» INSTRUCTIONS FOR THE TASK:
What is needed is an exact copy of the lines from the one containing "1001-831 - SCANLAN" through the last line of the records, with no pictures.

» EXTRACTED MATERIAL:
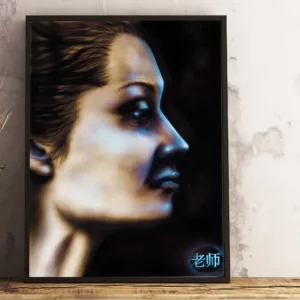 face model side profiling art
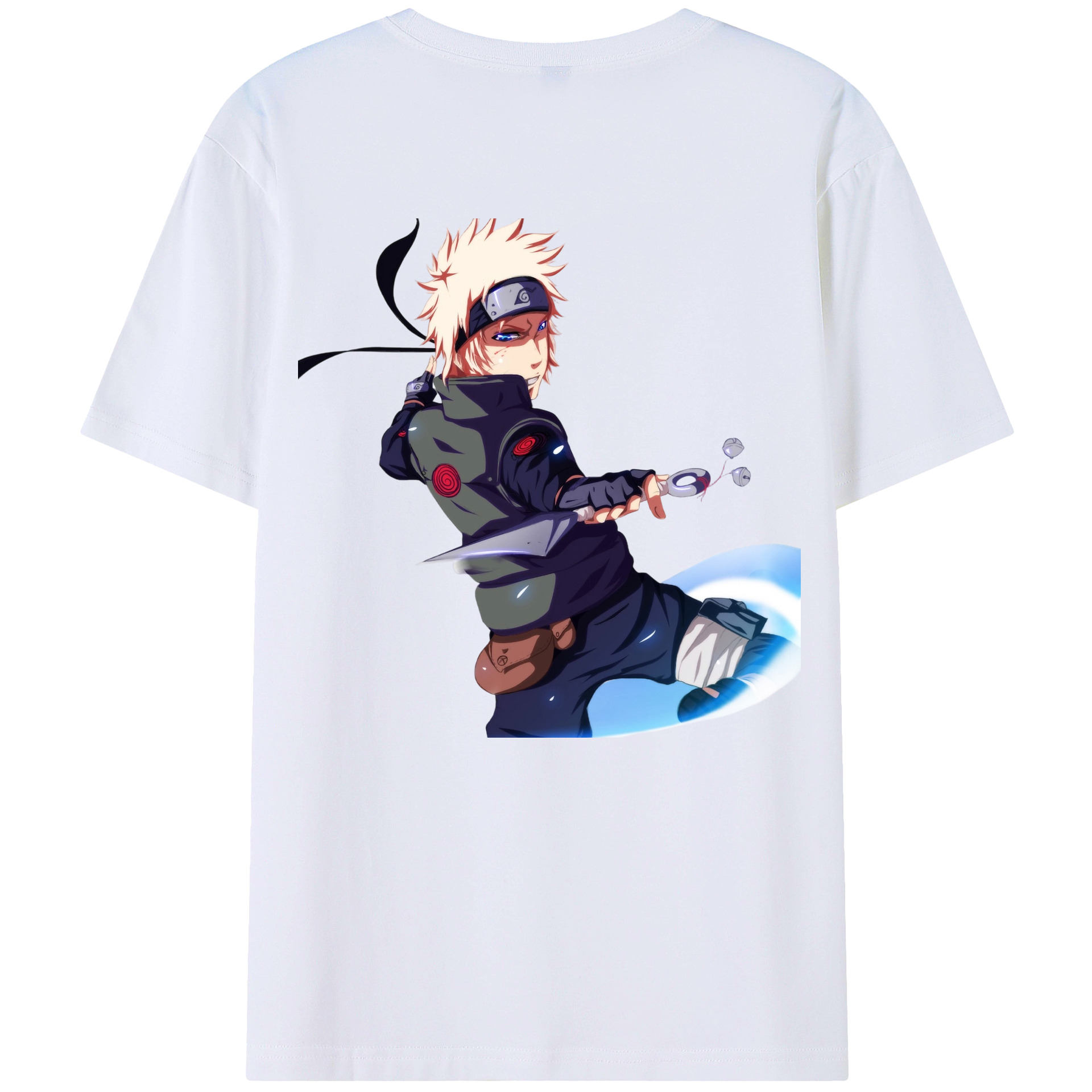 （画像用） NARUTO -ナルト- 波風 ミナト Namikaze Minato 綿100％半袖Tシャツ（背面プリント）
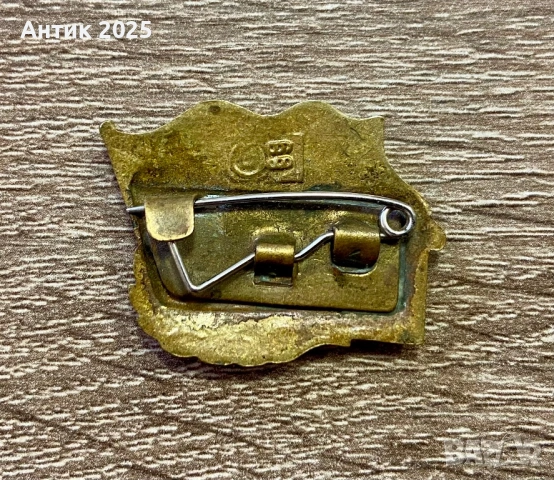 Съветска значка „За далечен поход“ ВМФ СССР, месинг, снимка 2 - Колекции - 53619356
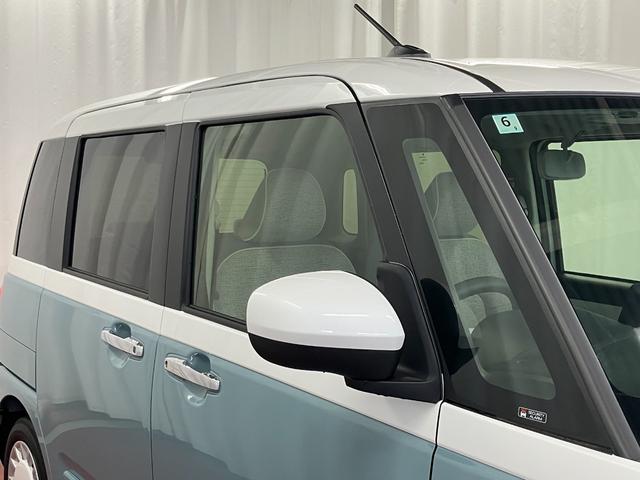 ムーヴキャンバスストライプスＧひょう害車　届出済未使用車　展示車　両側パワードア　スマートキー　軽減ブレーキ　禁煙　セキュリティ　電格ミラー　ＬＥＤライト　レーンキープ　フロントベンチシート　シ−トヒ−タ−（長崎県）の中古車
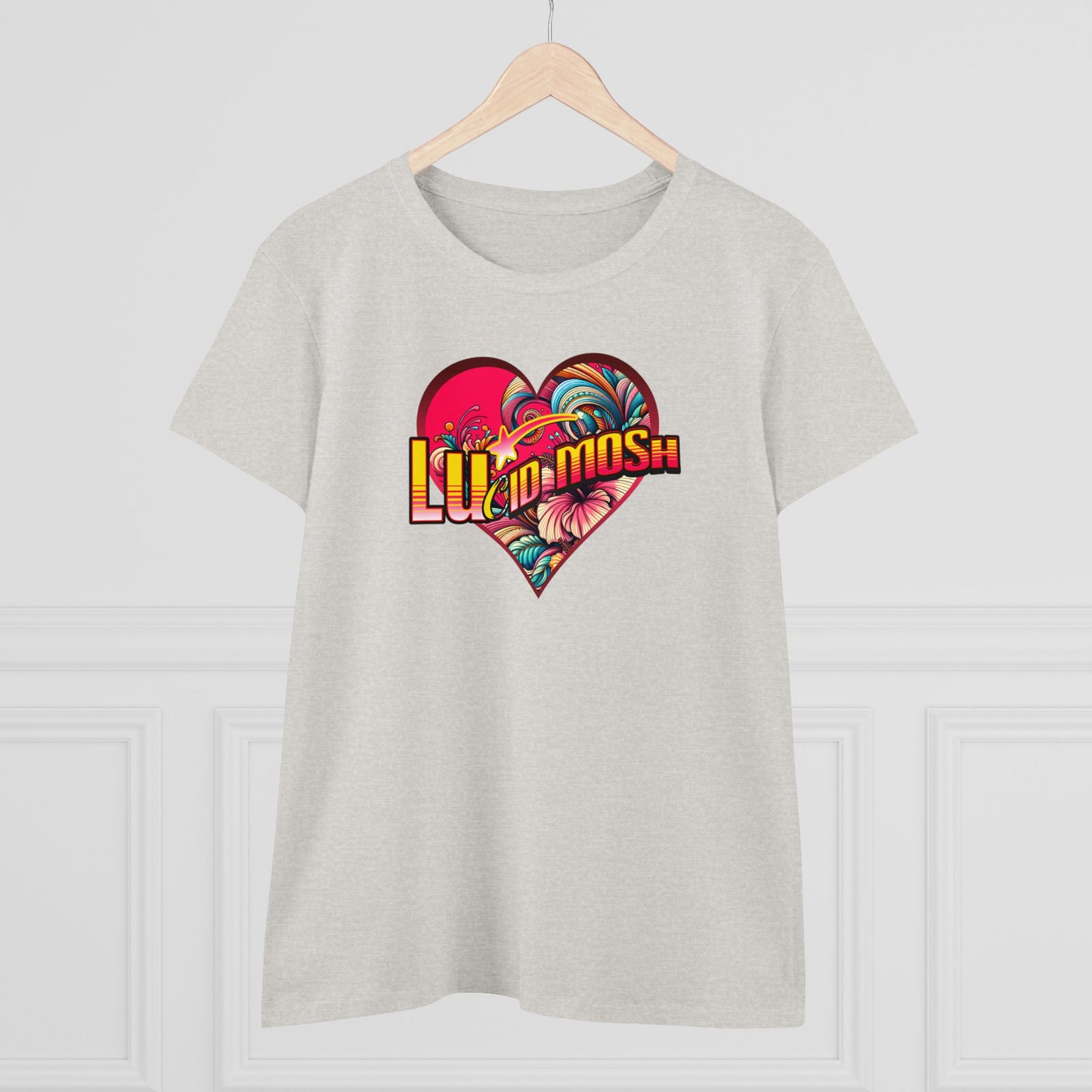 LUCID MOSh The Inner Love Women's Tee: Embrace Your Inner Beauty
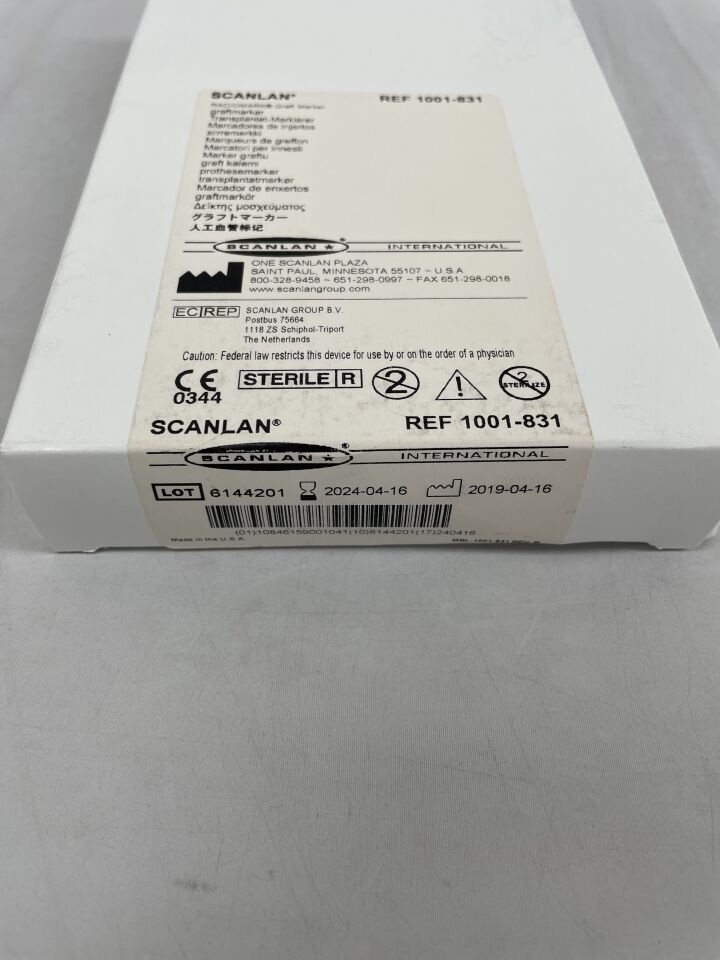 1001-831 - SCANLAN - RadioMark Graft Marker, Disk-shaped style, silicone, (BX/50) - ( Expiry Date: 2024-04-16 )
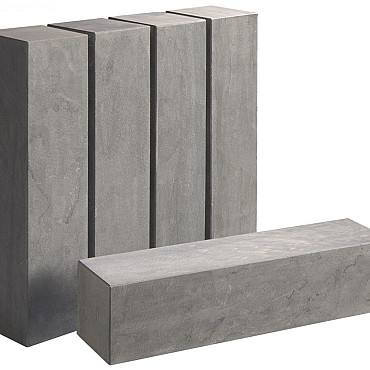 Chinese hardsteen Spotted Blue palissade 100x12x12 cm Gezoet met facet ~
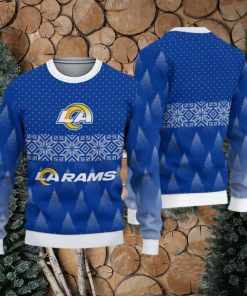 Los Angeles Rams Fans Pattern Traditional Knitted Christmas Sweater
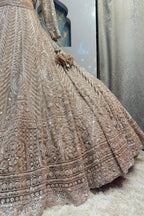 "VINTAGE GOLD MAJESTY LEHENGA" image 4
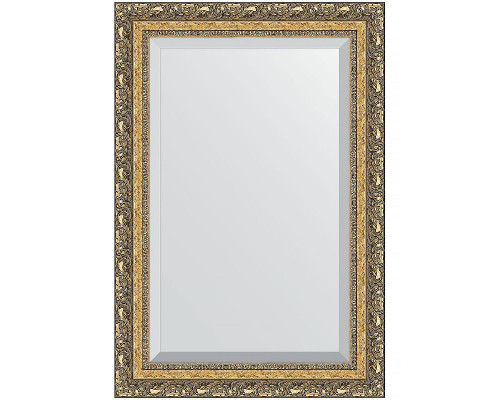 Купить Зеркало Evoform Exclusive 95х65 BY 1280 с фацетом в багетной раме - Виньетка бронзовая 85 мм в магазине сантехники Santeh-Crystal.ru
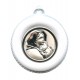 Médaille pour berceau en blanc de Feruzzi cm.8.5- 3 1/4"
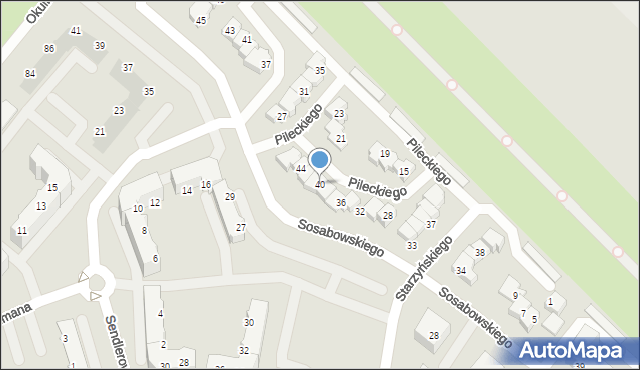 Gorzów Wielkopolski, Sosabowskiego Stanisława Franciszka, gen., 40, mapa Gorzów Wielkopolski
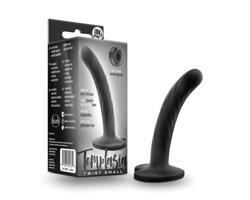 Temptasia Twist Small - prísavkový, špirálový dildo (čierny)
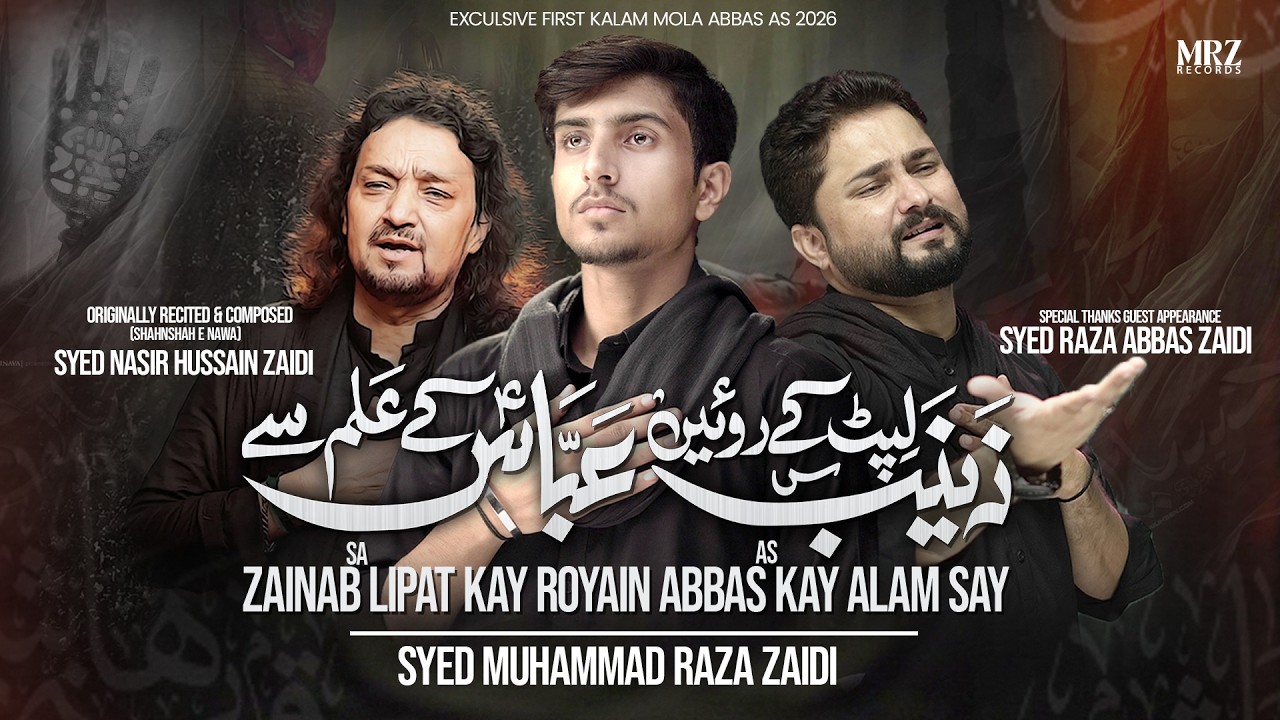Nohay 2026 | Zainab Lipat Kay Royain Abbas Kay Alam Say | Syed Muhammad Raza Zaidi | Mola Abbas Noha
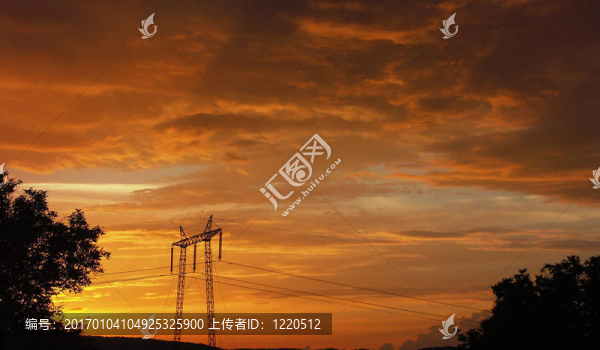 電的日落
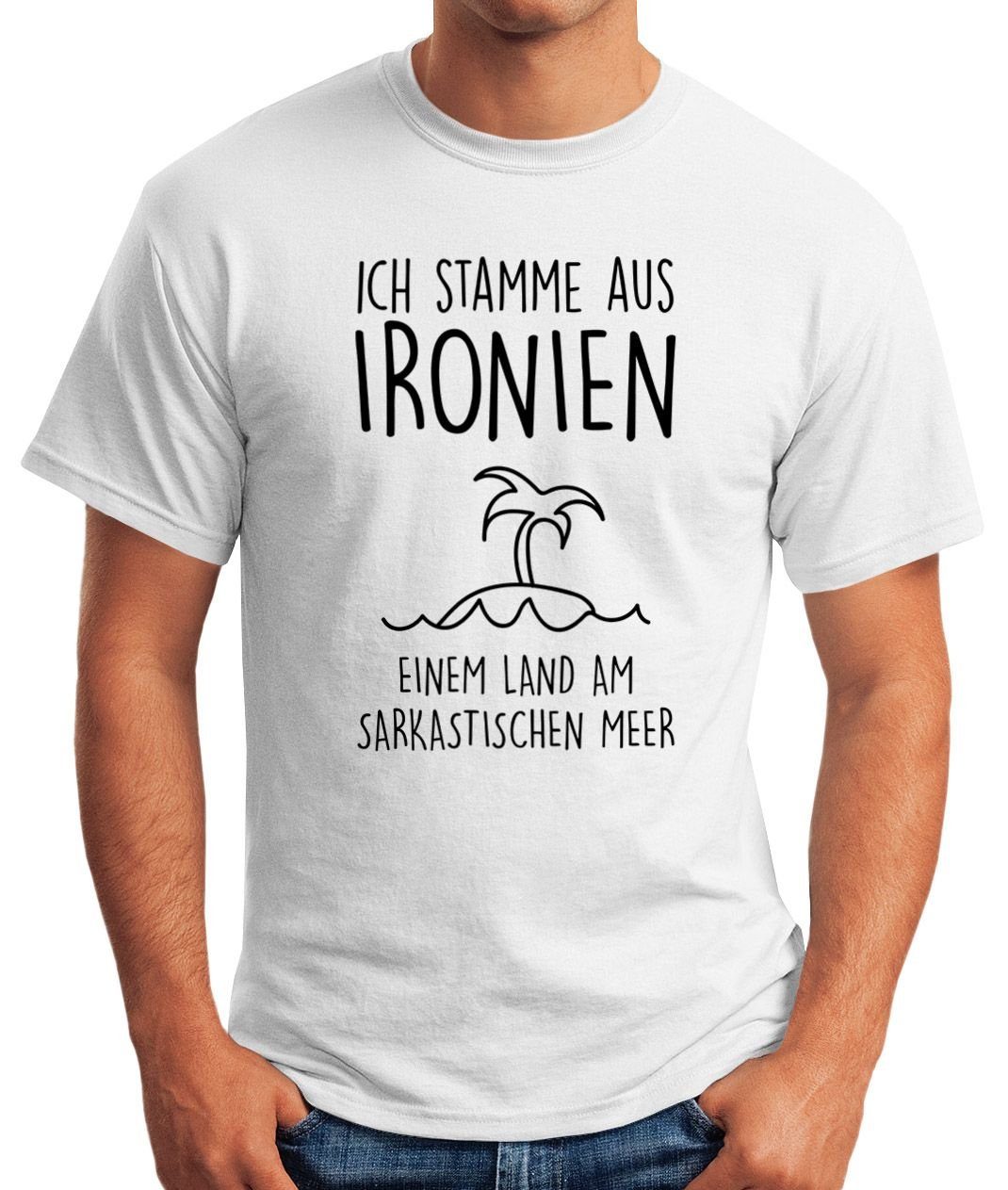 MoonWorks Print-Shirt Herren T-Shirt Ich stamme günstig online kaufen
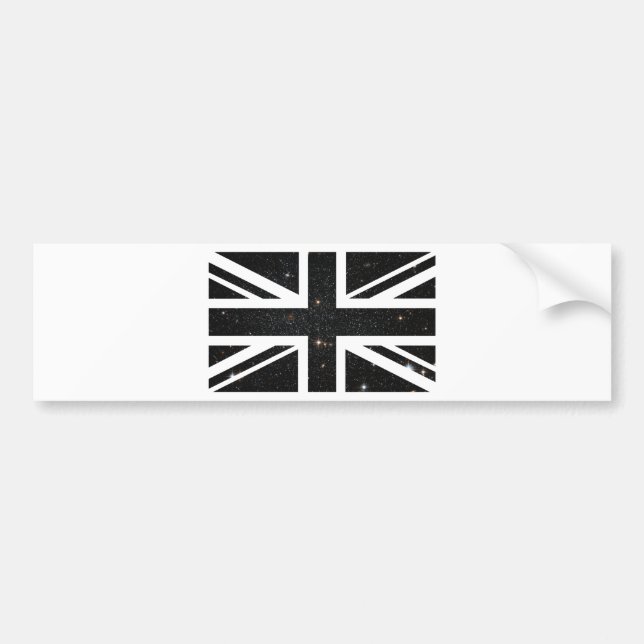 Universe Union Jack British(UK) Flag Bumper Sticker (Front)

» FINAL ANSWER:
 1001-831 - SCANLAN - RadioMark Graft Marker, Disk-shaped style, silicone, (BX/50) - ( Expiry Date: 2024-04-16 )
 Chinese hardsteen Spotted Blue palissade 100x12x12 cm Gezoet met facet ~
 Los Angeles Rams Fans Pattern Traditional Knitted Christmas Sweater
 "VINTAGE GOLD MAJESTY LEHENGA" image 4
 Купить Зеркало Evoform Exclusive 95х65 BY 1280 с фацетом в багетной раме - Виньетка бронзовая 85 мм в магазине сантехники Santeh-Crystal.ru
 Médaille pour berceau en blanc de Feruzzi cm.8.5- 3 1/4"
 Gorzów Wielkopolski, Sosabowskiego Stanisława Franciszka, gen., 40, mapa Gorzów Wielkopolski
 Temptasia Twist Small - prísavkový, špirálový dildo (čierny)
Nohay 2026 | Zainab Lipat Kay Royain Abbas Kay Alam Say | Syed Muhammad Raza Zaidi | Mola Abbas Noha
 電的日落
 MoonWorks Print-Shirt Herren T-Shirt Ich stamme günstig online kaufen
 Universe Union Jack British(UK) Flag Bumper Sticker (Front)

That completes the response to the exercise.